(Saved data entries)
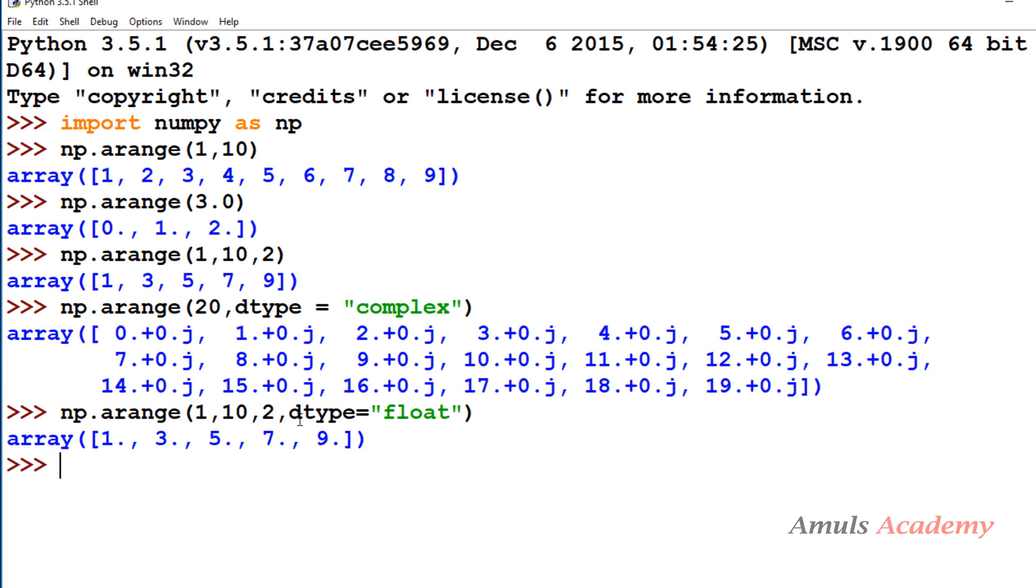You can avoid this dtype equals, you can just mention float also. When we don't mention the parameter name it will take values according to the positions. This is about the arange function. That's it for now guys. In the next tutorial we will talk about the other functions to create numpy arrays. Thank you for watching, don't forget to subscribe to my channel. I will meet you in next class, till then take care.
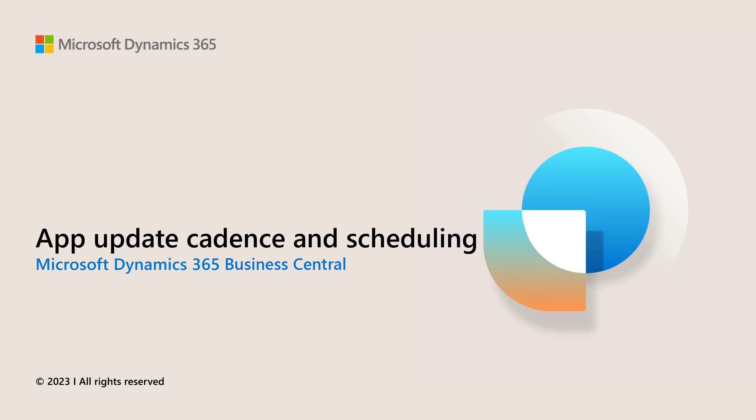In this session, we will cover the new App Update Cadence setting and the improvements around scheduling app updates from Tenant Admin Center.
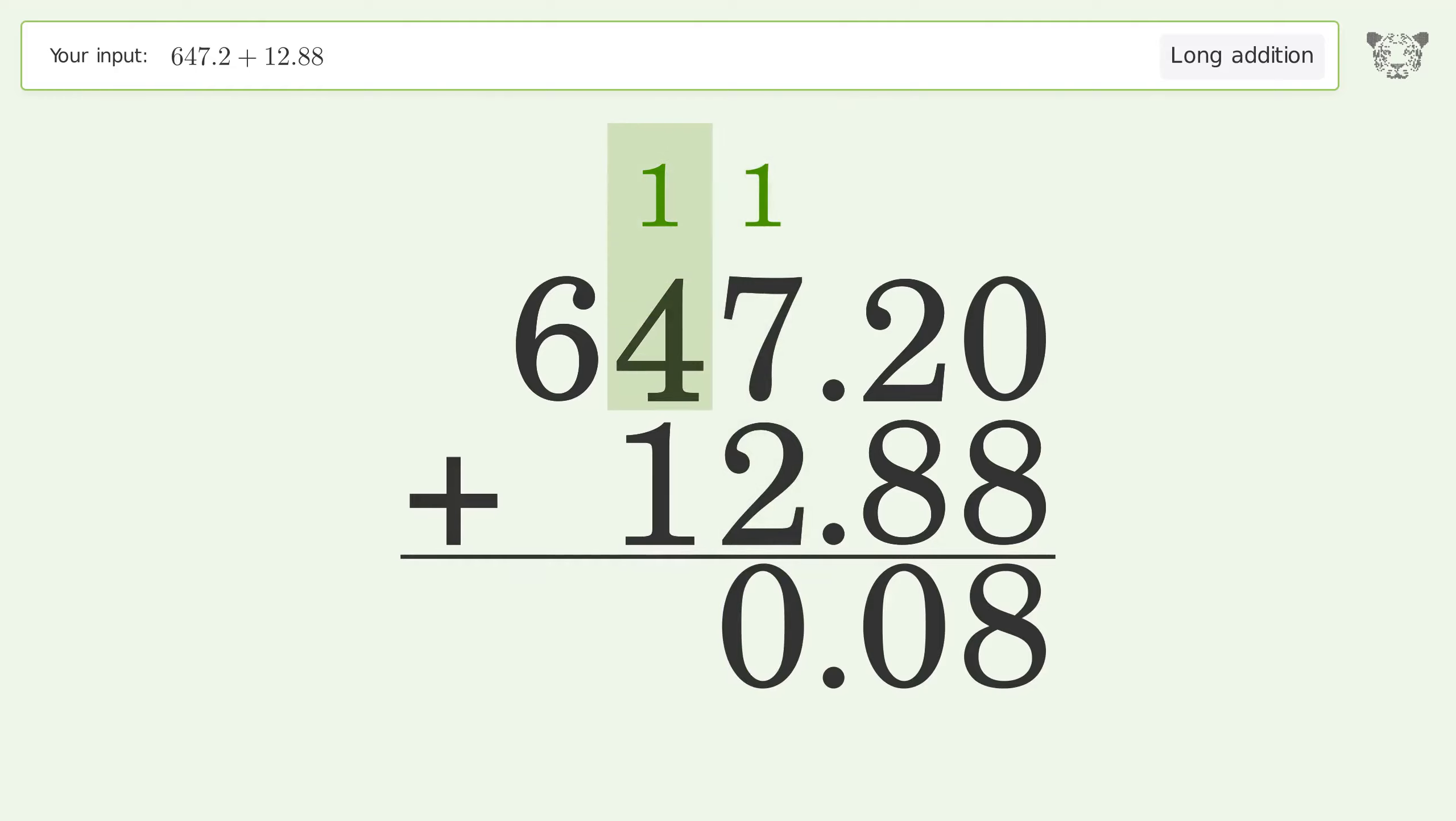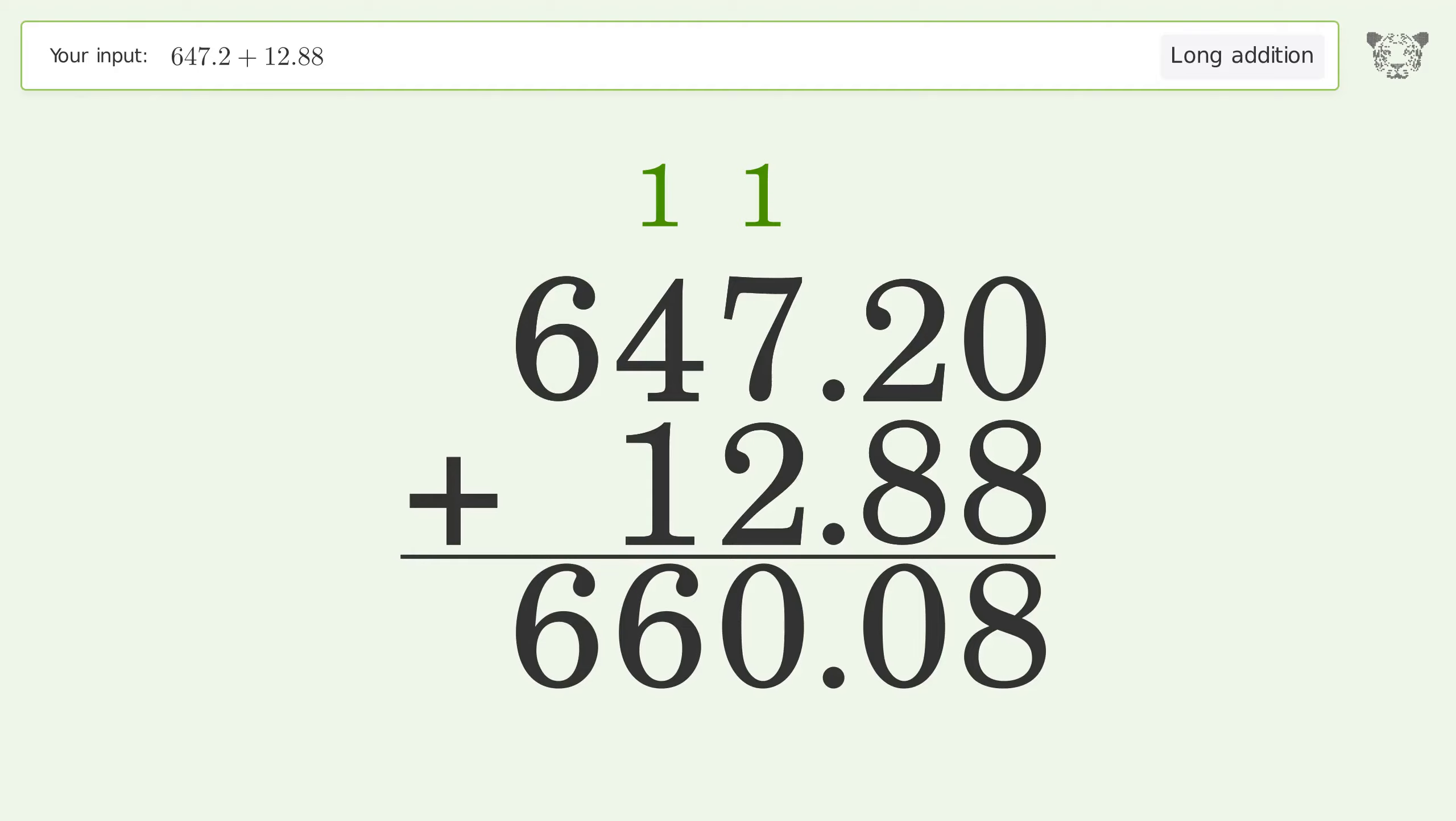1 plus 4 plus 1 equals 6. Write 6 in the 100's place. And so the final result is 660.08.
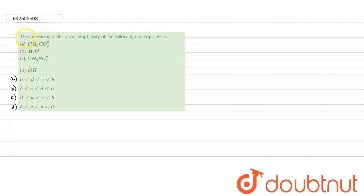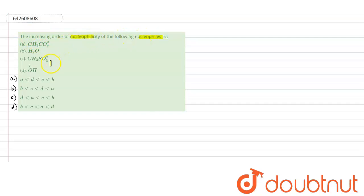Hello. The question says to find the increasing order of nucleophilicity of the following nucleophiles. We have to arrange them in increasing order of their nucleophilicity rate. Let's try to solve this question.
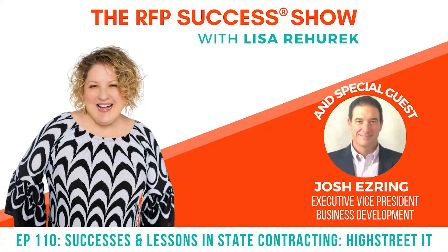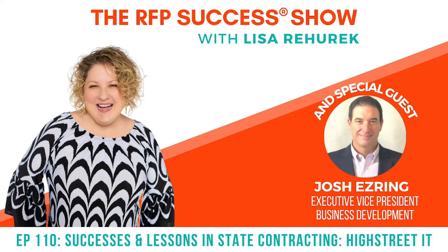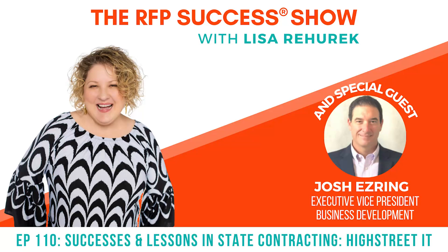You're listening to the RFP Success Show with eight-time author, speaker, and CEO of the RFP Success Company, Lisa Verhurik. Tune in each episode to learn what today's capture and RFP teams are doing to increase their win percentages by up to 20, 30, and even 50 percent, and meet the industry trailblazers that are getting it right. Let's get started.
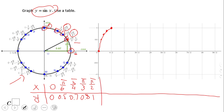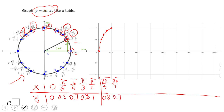Now let's move to quadrant 2. The first point in quadrant 2 is 120 degrees, which is 2π/3, and the sine is √3/2, so we go back to 0.8. The next point is 3π/4, and again we have √2/2, which is 0.7. The next one is 150 degrees, and the sine is 0.5. The last one in quadrant 2 is 180 degrees, or π, and the sine will be back to 0.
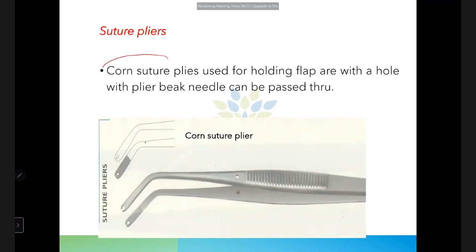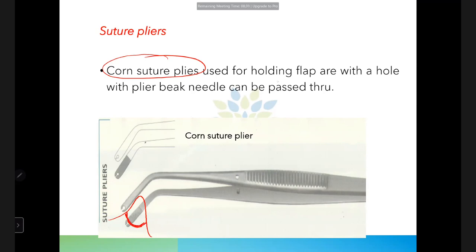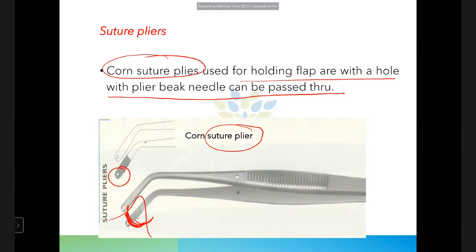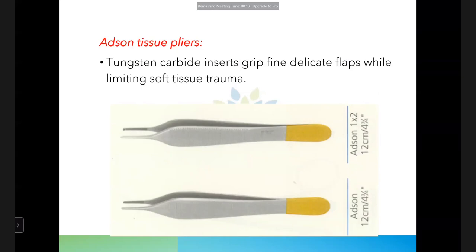Corn suture pliers are used for holding the flap during suturing. The plier beak has a hole through which the suture needle is passed, allowing the operator to hold the flap securely while placing sutures.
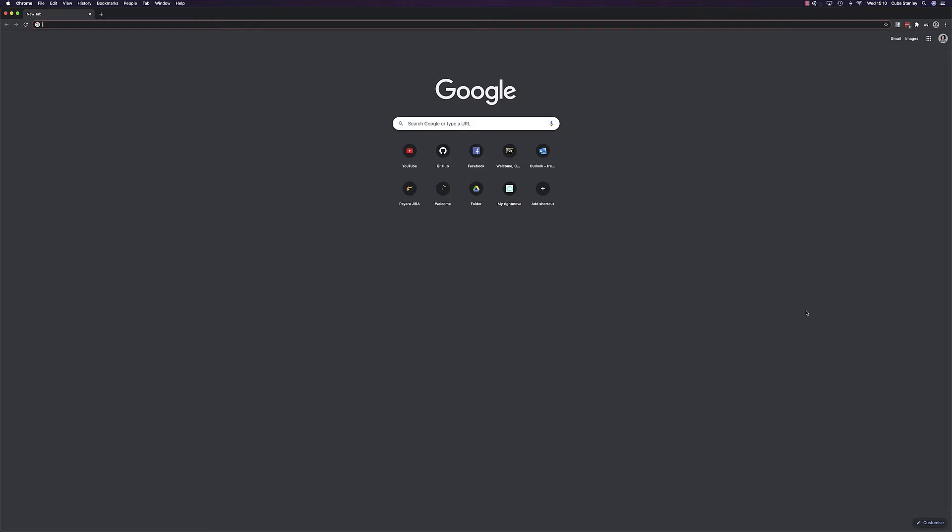There are plenty of different IDEs to choose from, including Eclipse and IntelliJ, for example. But for the purposes of this series, I've decided to go with NetBeans as the integration between NetBeans, Maven, and Payara will make creating our Hello World application much more straightforward.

# [Task brief]
All of the data above should be quoted exactly, except for the pictures.

# [Reply]
You can avoid this dtype equals, you can just mention float also. When we don't mention the parameter name it will take values according to the positions. This is about the arange function. That's it for now guys. In the next tutorial we will talk about the other functions to create numpy arrays. Thank you for watching, don't forget to subscribe to my channel. I will meet you in next class, till then take care.
In this session, we will cover the new App Update Cadence setting and the improvements around scheduling app updates from Tenant Admin Center.
1 plus 4 plus 1 equals 6. Write 6 in the 100's place. And so the final result is 660.08.
Hello. The question says to find the increasing order of nucleophilicity of the following nucleophiles. We have to arrange them in increasing order of their nucleophilicity rate. Let's try to solve this question.
You're listening to the RFP Success Show with eight-time author, speaker, and CEO of the RFP Success Company, Lisa Verhurik. Tune in each episode to learn what today's capture and RFP teams are doing to increase their win percentages by up to 20, 30, and even 50 percent, and meet the industry trailblazers that are getting it right. Let's get started.
Now let's move to quadrant 2. The first point in quadrant 2 is 120 degrees, which is 2π/3, and the sine is √3/2, so we go back to 0.8. The next point is 3π/4, and again we have √2/2, which is 0.7. The next one is 150 degrees, and the sine is 0.5. The last one in quadrant 2 is 180 degrees, or π, and the sine will be back to 0.
Corn suture pliers are used for holding the flap during suturing. The plier beak has a hole through which the suture needle is passed, allowing the operator to hold the flap securely while placing sutures.
There are plenty of different IDEs to choose from, including Eclipse and IntelliJ, for example. But for the purposes of this series, I've decided to go with NetBeans as the integration between NetBeans, Maven, and Payara will make creating our Hello World application much more straightforward.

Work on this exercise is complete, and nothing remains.